W spodniach czy w sukience? is the third studio album by Polish singer Ania, released in 2008.

== Background ==
The album continued the retro-inspired theme from Ania's previous record, with sleeve photos and arrangements reminiscing 1950s and 1960s style. The album's title translates In Trousers or in Dress?.

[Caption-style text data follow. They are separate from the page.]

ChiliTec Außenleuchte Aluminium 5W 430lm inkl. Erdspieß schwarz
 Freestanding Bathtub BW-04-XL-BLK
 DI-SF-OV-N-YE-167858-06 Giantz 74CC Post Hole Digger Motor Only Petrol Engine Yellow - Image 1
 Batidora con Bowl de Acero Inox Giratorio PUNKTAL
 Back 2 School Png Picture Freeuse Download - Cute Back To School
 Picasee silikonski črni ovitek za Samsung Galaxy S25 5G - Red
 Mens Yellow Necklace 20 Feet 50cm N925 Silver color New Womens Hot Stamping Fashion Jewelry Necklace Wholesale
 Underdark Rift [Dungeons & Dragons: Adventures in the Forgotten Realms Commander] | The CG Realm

W spodniach czy w sukience? managed to repeat the success of two previous albums. It reached #1 in Polish albums chart and received mostly positive feedback from music critics. The album spawned two hit singles: "Nigdy więcej nie tańcz ze mną" and the title track. Three months after its release, W spodniach czy w sukience? was certified Platinum.

== Track listing ==
1. "Turu tu tu..." - 3:40
2. "Smutek mam we krwi" - 3:31
3. "W spodniach czy w sukience" - 5:18
4. "Nigdy więcej nie tańcz ze mną" - 2:58
5. "Znowu przyszło lato" - 3:38
6. "Póki mi starczy sił" - 5:01
7. "Bardzo lubię opowiadania o miłości" - 2:48
8. "Jesteś jak sen o spadaniu" - 3:08
9. "Ciągle mylę cię z nim" - 5:05
10. "Zmieniaj mnie gdy zechcesz" - 4:22

== Singles ==
- 2008: "Nigdy więcej nie tańcz ze mną"
- 2008: "W spodniach czy w sukience"
- 2009: "Smutek mam we krwi"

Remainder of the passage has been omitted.